Konzertkritik

James Blunt verwandelt Mercedes-Benz-Arena in ein Wohnzimmer

Mit einer Mischung aus Hits und neuen Songs schafft James Blunt bei seinem Konzert in Berlin eine romantisch-melancholische Stimmung.

Der britische Singer-Songwriter James Blunt war zu Gast in Berlin (Archiv)

Der britische Singer-Songwriter James Blunt war zu Gast in Berlin (Archiv)

Foto: Britta Pedersen / dpa

Zwar heißt sie „The Afterlove-Tour“, aber schon im Gespräch vorab sagte James Blunt, für ihn sei es eine „Greatest-Hits“-Tour. So klingt es auch, als er am Montagabend den kompletten Reigen seiner Großhits in der Mercedes-Benz Arena spielt.

„Ich wurde schon vorgewarnt, dass es ein Schmuseabend wird“ sagt einer der wenigen männlichen Besucher zu seinem Sitznachbar. Ja, Sitznachbar. Die Halle ist komplett bestuhlt.

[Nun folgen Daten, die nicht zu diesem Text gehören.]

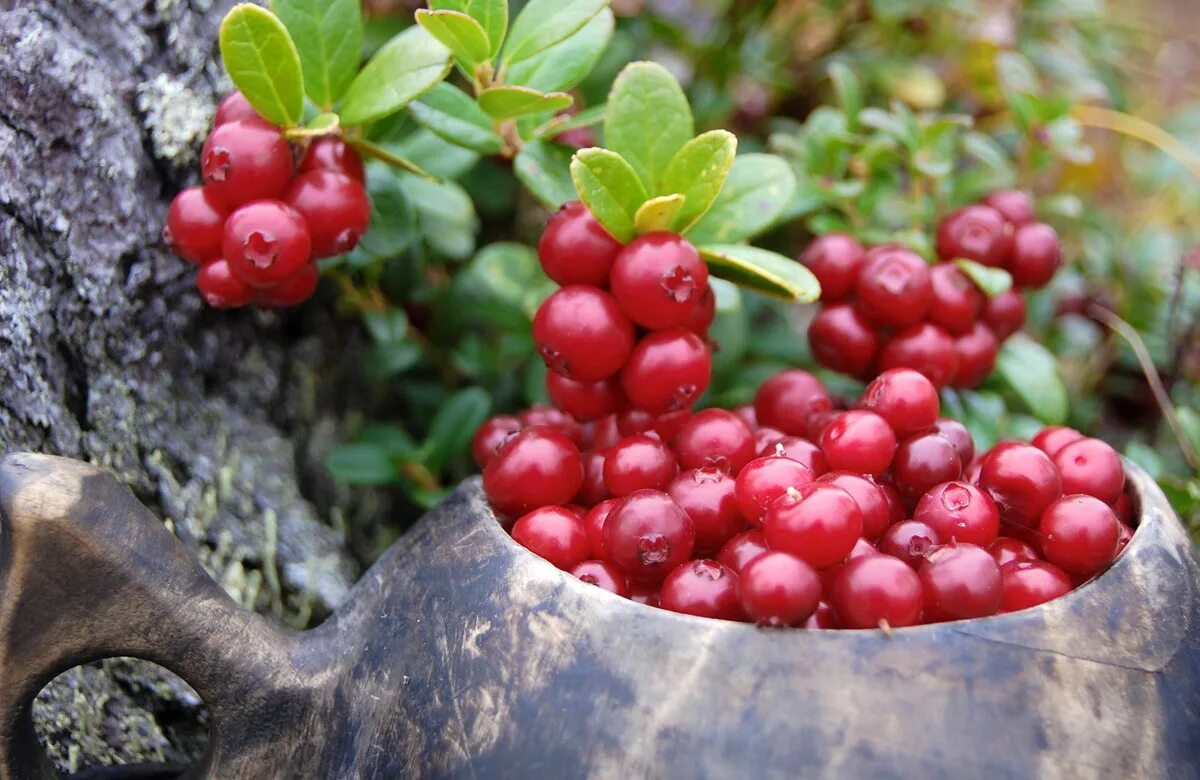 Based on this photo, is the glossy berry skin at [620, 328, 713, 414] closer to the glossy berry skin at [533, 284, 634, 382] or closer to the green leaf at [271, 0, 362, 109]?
the glossy berry skin at [533, 284, 634, 382]

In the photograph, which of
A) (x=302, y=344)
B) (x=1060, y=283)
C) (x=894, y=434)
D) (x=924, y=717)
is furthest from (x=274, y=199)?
(x=1060, y=283)

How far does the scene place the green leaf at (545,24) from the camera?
3.21ft

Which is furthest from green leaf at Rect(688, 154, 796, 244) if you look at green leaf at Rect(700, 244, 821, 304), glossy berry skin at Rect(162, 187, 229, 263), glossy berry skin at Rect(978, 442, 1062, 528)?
glossy berry skin at Rect(162, 187, 229, 263)

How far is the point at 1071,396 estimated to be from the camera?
1.66 m

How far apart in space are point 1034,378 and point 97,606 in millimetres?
1056

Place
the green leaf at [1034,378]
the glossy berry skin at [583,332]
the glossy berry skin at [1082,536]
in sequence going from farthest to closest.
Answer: the green leaf at [1034,378], the glossy berry skin at [583,332], the glossy berry skin at [1082,536]

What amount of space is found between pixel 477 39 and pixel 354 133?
0.58ft

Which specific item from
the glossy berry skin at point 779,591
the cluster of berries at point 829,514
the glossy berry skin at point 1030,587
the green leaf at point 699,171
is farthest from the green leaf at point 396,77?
the glossy berry skin at point 1030,587

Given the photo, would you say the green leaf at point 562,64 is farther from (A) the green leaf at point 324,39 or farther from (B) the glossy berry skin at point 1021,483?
(B) the glossy berry skin at point 1021,483

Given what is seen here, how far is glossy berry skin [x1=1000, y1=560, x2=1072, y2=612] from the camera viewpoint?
2.58 feet

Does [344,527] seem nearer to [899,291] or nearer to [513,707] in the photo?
[513,707]

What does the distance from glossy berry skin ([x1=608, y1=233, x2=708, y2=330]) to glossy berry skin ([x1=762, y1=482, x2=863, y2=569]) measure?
0.22m

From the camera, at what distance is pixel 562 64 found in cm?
108

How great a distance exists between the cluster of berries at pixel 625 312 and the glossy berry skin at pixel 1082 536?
317 millimetres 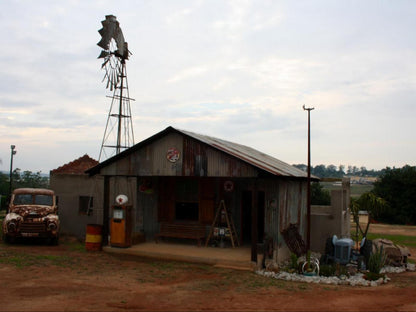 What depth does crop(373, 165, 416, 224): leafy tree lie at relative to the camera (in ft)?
119

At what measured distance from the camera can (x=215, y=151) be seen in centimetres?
1282

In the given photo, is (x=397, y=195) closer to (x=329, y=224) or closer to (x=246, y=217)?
(x=329, y=224)

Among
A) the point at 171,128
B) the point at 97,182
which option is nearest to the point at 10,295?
the point at 171,128

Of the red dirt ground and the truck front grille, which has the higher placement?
the truck front grille

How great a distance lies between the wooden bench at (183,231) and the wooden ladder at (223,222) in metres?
0.38

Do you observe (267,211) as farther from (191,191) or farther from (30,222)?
(30,222)

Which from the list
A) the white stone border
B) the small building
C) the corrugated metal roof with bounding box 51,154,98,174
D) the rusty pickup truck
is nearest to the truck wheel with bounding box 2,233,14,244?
the rusty pickup truck

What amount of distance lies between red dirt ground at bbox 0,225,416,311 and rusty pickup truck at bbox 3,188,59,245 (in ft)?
7.44

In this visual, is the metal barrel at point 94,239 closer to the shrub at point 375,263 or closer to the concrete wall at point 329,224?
the concrete wall at point 329,224

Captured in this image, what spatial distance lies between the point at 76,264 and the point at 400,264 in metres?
9.99

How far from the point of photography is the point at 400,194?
3769 centimetres

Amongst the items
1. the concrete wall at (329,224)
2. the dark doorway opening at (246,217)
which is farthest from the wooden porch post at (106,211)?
the concrete wall at (329,224)

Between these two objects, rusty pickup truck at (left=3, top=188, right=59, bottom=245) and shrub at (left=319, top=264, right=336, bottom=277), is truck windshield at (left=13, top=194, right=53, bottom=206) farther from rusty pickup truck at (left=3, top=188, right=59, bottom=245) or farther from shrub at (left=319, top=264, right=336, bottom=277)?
shrub at (left=319, top=264, right=336, bottom=277)

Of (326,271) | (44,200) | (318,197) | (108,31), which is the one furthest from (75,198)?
(318,197) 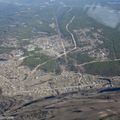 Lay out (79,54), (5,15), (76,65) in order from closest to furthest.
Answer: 1. (76,65)
2. (79,54)
3. (5,15)

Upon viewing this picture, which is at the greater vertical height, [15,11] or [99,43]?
[15,11]

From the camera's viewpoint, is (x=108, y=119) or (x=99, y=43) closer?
(x=108, y=119)

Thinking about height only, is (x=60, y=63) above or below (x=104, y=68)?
above

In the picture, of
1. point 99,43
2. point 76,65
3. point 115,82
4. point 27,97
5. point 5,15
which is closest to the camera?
point 27,97

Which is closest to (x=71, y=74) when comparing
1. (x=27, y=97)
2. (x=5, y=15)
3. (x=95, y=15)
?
(x=27, y=97)

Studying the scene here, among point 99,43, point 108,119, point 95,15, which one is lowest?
point 108,119

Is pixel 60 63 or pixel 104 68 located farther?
pixel 60 63

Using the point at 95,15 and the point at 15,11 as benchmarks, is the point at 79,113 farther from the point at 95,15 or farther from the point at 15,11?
the point at 15,11

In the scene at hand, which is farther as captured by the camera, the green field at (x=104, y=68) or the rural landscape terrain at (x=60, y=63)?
the green field at (x=104, y=68) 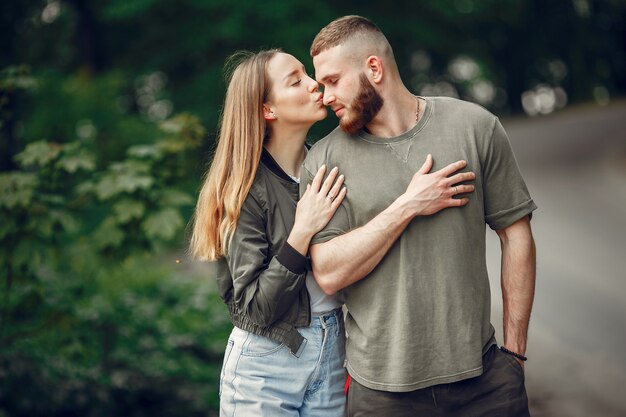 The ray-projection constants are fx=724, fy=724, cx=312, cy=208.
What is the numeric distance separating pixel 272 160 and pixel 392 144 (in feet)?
1.78

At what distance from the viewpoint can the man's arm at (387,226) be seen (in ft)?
8.45

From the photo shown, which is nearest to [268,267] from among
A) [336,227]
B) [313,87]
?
[336,227]

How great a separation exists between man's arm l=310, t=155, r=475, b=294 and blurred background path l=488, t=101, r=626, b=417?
9.71 feet

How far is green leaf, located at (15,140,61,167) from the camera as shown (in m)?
4.26

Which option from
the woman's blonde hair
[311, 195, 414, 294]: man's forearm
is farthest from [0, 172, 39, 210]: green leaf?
[311, 195, 414, 294]: man's forearm

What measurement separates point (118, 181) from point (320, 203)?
6.71 ft

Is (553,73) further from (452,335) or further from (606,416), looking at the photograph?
(452,335)

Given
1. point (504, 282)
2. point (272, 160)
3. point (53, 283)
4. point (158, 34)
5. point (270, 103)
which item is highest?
point (158, 34)

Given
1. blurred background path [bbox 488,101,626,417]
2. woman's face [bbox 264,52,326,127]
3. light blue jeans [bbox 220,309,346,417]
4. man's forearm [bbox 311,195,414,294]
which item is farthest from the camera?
blurred background path [bbox 488,101,626,417]

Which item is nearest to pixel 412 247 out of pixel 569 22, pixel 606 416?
pixel 606 416

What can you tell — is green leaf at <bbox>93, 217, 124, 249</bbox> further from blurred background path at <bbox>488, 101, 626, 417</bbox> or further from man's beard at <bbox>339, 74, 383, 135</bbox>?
blurred background path at <bbox>488, 101, 626, 417</bbox>

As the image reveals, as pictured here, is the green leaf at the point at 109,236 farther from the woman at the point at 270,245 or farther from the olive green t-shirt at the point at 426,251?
the olive green t-shirt at the point at 426,251

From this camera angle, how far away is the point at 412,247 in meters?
2.65

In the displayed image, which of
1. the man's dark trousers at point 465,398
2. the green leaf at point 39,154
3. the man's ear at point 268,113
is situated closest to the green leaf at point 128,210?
the green leaf at point 39,154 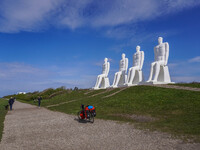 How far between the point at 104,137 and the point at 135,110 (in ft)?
20.9

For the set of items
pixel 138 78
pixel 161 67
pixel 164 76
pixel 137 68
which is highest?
pixel 137 68

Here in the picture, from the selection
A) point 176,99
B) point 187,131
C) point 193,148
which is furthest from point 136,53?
point 193,148

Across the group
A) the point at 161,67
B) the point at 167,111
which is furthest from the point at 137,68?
the point at 167,111

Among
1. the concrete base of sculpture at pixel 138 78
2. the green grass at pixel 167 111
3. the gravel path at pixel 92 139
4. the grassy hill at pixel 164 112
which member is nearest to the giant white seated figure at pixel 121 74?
the concrete base of sculpture at pixel 138 78

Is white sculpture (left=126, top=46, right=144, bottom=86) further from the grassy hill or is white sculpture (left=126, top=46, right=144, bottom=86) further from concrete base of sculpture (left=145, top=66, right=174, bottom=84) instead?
the grassy hill

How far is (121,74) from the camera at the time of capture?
96.9ft

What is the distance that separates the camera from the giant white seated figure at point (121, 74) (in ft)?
93.9

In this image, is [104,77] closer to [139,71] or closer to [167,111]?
[139,71]

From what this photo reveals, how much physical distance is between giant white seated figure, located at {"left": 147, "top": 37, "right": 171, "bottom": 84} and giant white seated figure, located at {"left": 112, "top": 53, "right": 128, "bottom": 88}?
20.6 ft

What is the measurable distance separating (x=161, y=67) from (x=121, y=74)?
25.5 feet

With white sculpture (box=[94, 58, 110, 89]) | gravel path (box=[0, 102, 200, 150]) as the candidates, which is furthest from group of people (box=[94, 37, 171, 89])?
gravel path (box=[0, 102, 200, 150])

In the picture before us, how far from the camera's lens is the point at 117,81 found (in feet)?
96.5

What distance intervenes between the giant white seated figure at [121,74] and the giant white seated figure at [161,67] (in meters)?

Die Hälfte des Publikums vergisst jedoch für eineinhalb Stunden ihre Stühle und schwankt wie Bäume im Wind von rechts nach links, während sich die andere genussvoll nach hinten lehnt.

Blunt muss sich nichts mehr beweisen

Schmusesänger wird James Blunt nicht gerecht. Zwar kennt man den Briten vor allen Dingen von seinen Balladen wie „Same Mistake“, der Titelmelodie des Liebes-Dramas „P.S. Ich liebe dich“, „You´re Beautiful“ oder „No Bravery“, aber Blunt beweist an diesem Abend, dass er für mehr steht, als melancholisch-romantische Texte. Auch wenn da, mitten auf der Bühne und dem Klischee entsprechend, dieses schlageresk anmutend weiße Klavier, das weiße Schlagzeug, die weiß verhängten Lautsprecher stehen.

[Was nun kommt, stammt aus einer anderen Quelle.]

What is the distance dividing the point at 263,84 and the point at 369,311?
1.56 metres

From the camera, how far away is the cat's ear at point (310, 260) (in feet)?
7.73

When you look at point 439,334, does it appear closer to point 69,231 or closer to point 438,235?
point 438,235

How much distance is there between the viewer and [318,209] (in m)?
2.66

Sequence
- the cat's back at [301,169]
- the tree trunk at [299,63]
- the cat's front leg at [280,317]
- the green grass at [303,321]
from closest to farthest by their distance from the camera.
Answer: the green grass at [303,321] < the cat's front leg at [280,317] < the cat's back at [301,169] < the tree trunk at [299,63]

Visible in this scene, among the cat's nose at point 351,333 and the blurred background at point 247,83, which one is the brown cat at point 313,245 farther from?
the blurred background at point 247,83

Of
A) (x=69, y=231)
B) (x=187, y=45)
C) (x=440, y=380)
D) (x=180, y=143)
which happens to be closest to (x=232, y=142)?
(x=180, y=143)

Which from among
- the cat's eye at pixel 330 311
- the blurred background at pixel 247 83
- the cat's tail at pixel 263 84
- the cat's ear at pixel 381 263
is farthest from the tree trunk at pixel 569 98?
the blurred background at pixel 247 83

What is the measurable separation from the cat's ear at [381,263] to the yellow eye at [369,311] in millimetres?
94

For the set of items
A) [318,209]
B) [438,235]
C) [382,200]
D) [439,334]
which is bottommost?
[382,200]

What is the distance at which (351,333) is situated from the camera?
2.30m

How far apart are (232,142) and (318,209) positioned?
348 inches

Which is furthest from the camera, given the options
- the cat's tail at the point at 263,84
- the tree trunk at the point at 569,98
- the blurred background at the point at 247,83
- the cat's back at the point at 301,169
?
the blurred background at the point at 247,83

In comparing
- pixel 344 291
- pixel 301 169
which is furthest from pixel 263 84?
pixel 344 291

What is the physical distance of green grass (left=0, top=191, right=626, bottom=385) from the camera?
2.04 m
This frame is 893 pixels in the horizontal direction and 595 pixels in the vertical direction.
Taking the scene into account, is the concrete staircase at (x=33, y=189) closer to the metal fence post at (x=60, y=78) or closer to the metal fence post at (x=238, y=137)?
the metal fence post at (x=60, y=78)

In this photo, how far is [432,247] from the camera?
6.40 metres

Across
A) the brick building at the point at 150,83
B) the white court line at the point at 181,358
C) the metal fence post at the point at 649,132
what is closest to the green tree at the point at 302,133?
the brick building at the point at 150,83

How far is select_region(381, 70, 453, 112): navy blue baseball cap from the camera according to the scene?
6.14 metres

Aber Blunt muss eben auch nichts mehr beweisen. Hat er doch schon alles erreicht, was man sich als Musiker wünschen kann. Neun Jahre nach Elton John war er der erste britische Künstler, der es wieder schaffte, an die Spitze der Billboard Charts zu springen, Welt-Tourneen hat er schon zahlreiche auf dem Buckel. Und ein Domizil auf Ibiza hat er auch.

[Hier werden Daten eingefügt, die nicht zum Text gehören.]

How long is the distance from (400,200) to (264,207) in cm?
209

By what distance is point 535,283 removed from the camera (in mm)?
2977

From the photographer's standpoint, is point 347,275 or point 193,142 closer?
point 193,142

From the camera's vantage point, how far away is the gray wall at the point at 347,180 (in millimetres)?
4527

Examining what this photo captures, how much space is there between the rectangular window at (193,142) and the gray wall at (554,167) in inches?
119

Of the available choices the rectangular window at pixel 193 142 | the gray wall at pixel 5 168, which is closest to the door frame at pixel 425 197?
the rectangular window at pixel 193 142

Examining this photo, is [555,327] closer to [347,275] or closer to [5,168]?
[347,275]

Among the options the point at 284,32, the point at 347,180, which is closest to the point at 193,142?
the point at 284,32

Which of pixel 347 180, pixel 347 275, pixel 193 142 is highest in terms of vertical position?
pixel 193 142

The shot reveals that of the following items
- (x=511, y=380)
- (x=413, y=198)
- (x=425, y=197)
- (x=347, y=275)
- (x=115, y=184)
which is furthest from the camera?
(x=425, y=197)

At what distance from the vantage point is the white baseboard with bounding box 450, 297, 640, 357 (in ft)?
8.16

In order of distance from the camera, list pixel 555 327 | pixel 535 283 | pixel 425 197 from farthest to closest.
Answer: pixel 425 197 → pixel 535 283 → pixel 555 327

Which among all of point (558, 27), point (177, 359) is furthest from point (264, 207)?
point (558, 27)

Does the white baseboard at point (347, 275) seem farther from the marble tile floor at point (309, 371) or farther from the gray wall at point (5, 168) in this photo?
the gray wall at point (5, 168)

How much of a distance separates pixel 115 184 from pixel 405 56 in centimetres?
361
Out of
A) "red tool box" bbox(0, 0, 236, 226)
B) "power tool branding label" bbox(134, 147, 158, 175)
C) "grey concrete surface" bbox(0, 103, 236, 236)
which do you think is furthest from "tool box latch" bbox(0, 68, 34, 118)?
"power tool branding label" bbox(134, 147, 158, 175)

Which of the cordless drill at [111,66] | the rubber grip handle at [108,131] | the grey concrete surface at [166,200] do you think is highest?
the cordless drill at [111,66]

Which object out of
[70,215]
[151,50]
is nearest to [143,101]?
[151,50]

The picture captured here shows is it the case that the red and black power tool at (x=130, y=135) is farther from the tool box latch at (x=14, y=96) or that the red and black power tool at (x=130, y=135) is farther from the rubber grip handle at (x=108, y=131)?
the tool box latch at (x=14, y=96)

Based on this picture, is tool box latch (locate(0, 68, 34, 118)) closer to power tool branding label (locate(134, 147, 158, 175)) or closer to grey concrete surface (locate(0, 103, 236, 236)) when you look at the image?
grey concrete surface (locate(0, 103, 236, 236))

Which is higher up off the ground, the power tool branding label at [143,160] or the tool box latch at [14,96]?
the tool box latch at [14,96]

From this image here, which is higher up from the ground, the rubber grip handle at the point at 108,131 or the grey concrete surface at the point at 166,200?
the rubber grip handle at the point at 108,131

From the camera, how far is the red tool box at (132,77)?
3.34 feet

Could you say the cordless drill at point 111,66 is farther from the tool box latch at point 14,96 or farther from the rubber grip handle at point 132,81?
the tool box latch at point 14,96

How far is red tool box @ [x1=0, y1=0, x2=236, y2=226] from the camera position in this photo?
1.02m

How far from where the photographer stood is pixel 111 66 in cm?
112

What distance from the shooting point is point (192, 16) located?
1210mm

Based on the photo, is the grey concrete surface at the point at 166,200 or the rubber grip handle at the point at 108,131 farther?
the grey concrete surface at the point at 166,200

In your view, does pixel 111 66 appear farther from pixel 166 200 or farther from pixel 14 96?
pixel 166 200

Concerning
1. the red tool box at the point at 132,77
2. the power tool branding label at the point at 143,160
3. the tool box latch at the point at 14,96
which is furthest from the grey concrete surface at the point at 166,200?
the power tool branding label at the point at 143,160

Das neue Album gibt Einblick in sein Privatleben

Bei seinem fünften Album gibt der 43-Jährige einen Einblick in sein Privatleben. „Ich habe diesen Song mit meinem Freund Ed Sheeran geschrieben. Er meinte, wir sollten mal einen Song über meine Familie schreiben, meine Frau, mein Kind“, sagt Blunt, während er sich mit der rechten Hand den Schweiß von der Stirn wischt. „Es fühlt sich komisch für mich an, so etwas Privates zu teilen.“

Aber es lohnt sich. „Make Me Better“ ist ein Höhepunkt des Abends. „You made me breakfast every morning, You made me sleep all through the night, You made me worry without any warning“ singt er. Wieder ein Liebessong. Wieder diese Romantik, diese Melancholie. Aber darin ist er eben auch herausragend.

Die Mercedes-Benz-Arena wird zu seinem Wohnzimmer

Kaum einer kann so schön mit dem Bruch zwischen Kopfstimme und Brustregister spielen. James Blunt ist ein Falsett-Professor. Konträr dazu steht der Mainstream-Sommerhit „OK“, der eigentlich gar nicht auf das aktuelle Album sollte. Bis Robin Schulz ihn hörte. Mit seinen „magischen Händen“, wie Blunt sie nennt, machte er daraus nämlich den nächsten Hit. Etwas reduziert, wie er an diesem Abend gespielt wird, verliert er weder an der Dringlichkeit, die die Singleauskopplung ausmacht, noch an Tanzbarkeit.

Es ist ein schöner Abend, ein friedlicher Abend, nicht aufregend oder überraschend, aber ein Abend, an dem man gerne in Erinnerung schwelgt. „You’re beautiful“ singt das Publikum und nimmt einander verbal in den Arm. James Blunt schafft es, die Mercedes-Benz Arena sowohl akustisch als auch emotional in sein Wohnzimmer zu verwandeln. Da ist die Tasse Tee auf dem weißen Klavier, an der er gelegentlich nippt, seine entspannte Art, seine Bemühen Deutsch zu reden – In Blunts Jugend war sein Vater zehn Jahre lang in Soest stationiert – und dann wieder der unbewusste Wechsel in seine Muttersprache, die er viel zu schnell spricht. Nach eineinhalb Stunden ist der Abend zuende. Man möchte sich bei ihm revanchieren. Mit einer Einladung nachhause, einem Gespräch. Und einer Tasse Tee.